A investigação é conduzida pela Delegacia Especializada de Atendimento a Crianças e Adolescentes Vítimas (DEACAV). Conforme a SSP/SE, uma das vítimas procurou a unidade policial e relatou que teria sofrido abusos sexuais durante anos. A partir da denúncia, foram adotadas as medidas necessárias para a apuração dos fatos.
O advogado havia sido intimado para prestar depoimento e compareceu ao Departamento de Atendimento a Grupos Vulneráveis (DAGV), na quarta-feira. Durante sua permanência na unidade, foi cumprida a ordem judicial de prisão preventiva.
Um representante da OAB/SE acompanhou o cumprimento do mandado. De acordo com a Polícia Civil, também foram entregues à entidade cópias do procedimento, do mandado de prisão e da decisão judicial que determinou a medida.
Após a prisão, o investigado foi encaminhado para audiência de custódia, ocasião em que a Justiça manteve a prisão. Ele permanece custodiado no Presídio Militar (Presmil), em Sergipe.
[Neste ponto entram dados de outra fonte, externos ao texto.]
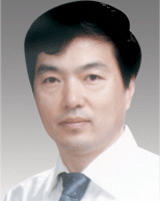 徐麟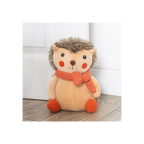 Hazel Hedgehog Doorstop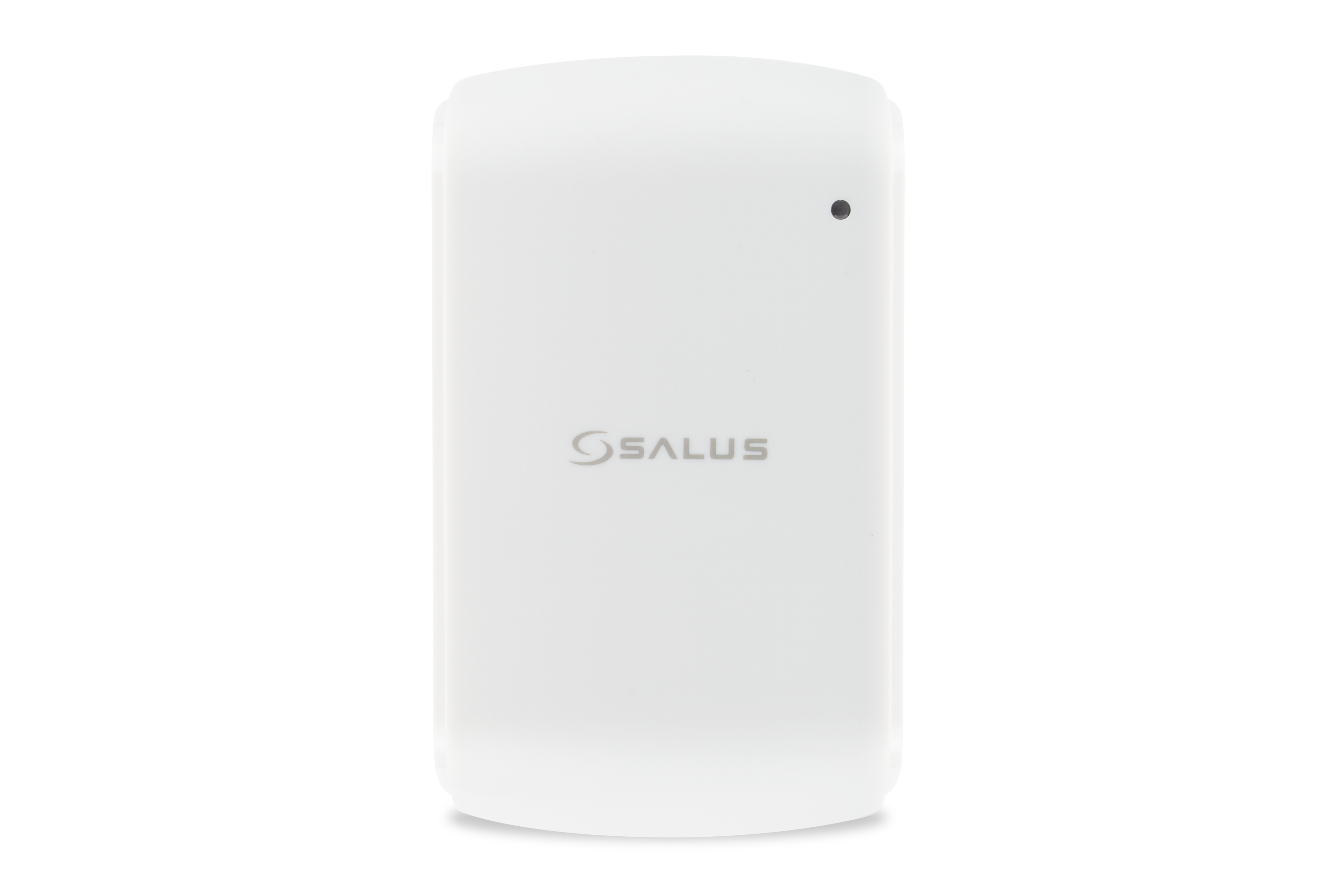 Product image TS600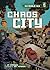 Chaos City (Invisible Six)
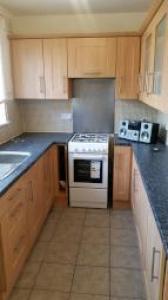 Annonce Location Maison Wolverhampton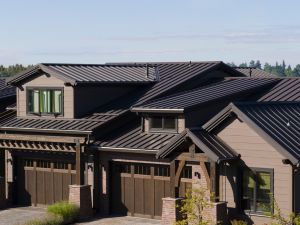 {{ custom_values.service_3 }} in {{custom_values.area_3})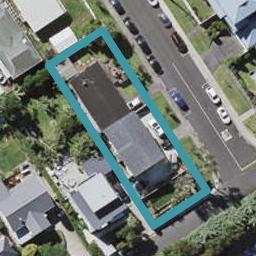2/1 Eldon Street, Takapuna, Auckland
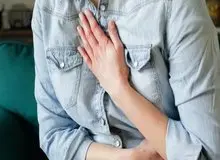 مصرف این میوه سلامت قلب را تضمین می‌کند
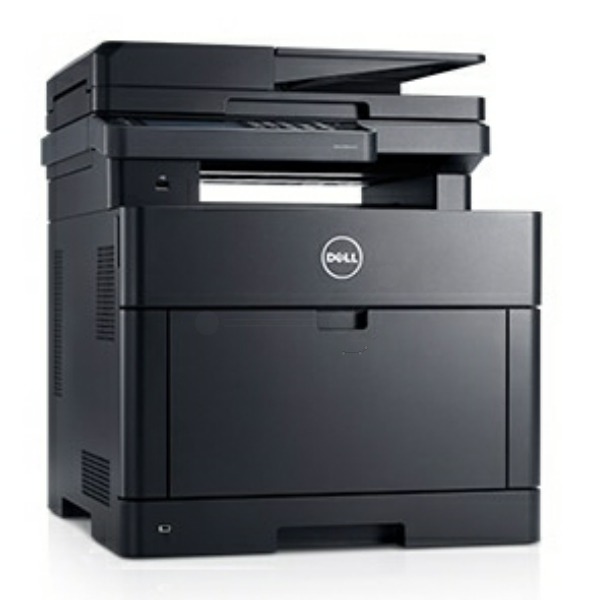 Dell S 2825 cdn Toner beim Spezialisten kaufen | druckerpatronen.de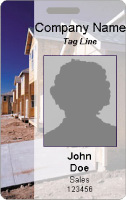 Card Type :CR80
Mag Position : None 
Side :Front
Layout :Vertical
DbId :497
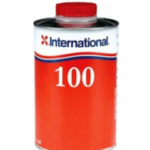 international tiner no100 1lt international international 2955 61 K Internatıonal Tiner No:100 1 LT.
OAB/SE suspende exercício profissional
Em nota, a OAB/SE informou que tomou conhecimento da prisão preventiva do advogado, que é ex-conselheiro da entidade e investigado por suposta prática de estupro de vulnerável.
A instituição afirmou que adotou providências para obter informações oficiais junto às autoridades e determinou a instauração de um Processo Ético-Disciplinar.
Diante da gravidade dos fatos investigados, a Presidência da OAB/SE também decidiu pela suspensão cautelar do exercício profissional do advogado. A medida foi fundamentada no Regimento Interno da entidade e em súmula do Conselho Federal da OAB.
Segundo a Ordem, o cumprimento da medida foi acompanhado pela Diretoria de Prerrogativas, com observância das garantias profissionais previstas em lei.
A entidade declarou ainda que reafirma seu compromisso com a ética, a defesa dos direitos fundamentais e a proteção de crianças e adolescentes. O procedimento tramita sob sigilo, com garantia do contraditório, da ampla defesa e do devido processo legal.
Defesa afirma que investigado colaborou com apuração
O escritório Ricardo Almeida Advogados, responsável pela defesa do investigado, divulgou uma nota após a repercussão do caso.
Segundo a defesa, o advogado se apresentou espontaneamente nesta semana para o cumprimento do mandado de prisão preventiva, embora discorde da necessidade da medida.
O escritório afirmou que, desde sua apresentação, o investigado vem colaborando com o esclarecimento dos fatos. Ainda conforme a defesa, ele se comprometeu voluntariamente a não manter contato com testemunhas ou declarantes relacionados à investigação e entregou seu aparelho celular e passaporte às autoridades.
A defesa também pediu cautela na divulgação de informações sobre o caso e destacou que não devem ser atribuídas ao investigado circunstâncias ou condutas que não façam parte das imputações objeto da investigação.
Em razão do segredo de justiça, o escritório informou que os argumentos relacionados ao mérito da investigação serão apresentados exclusivamente nos autos, preservando o sigilo das informações e a identidade das pessoas envolvidas.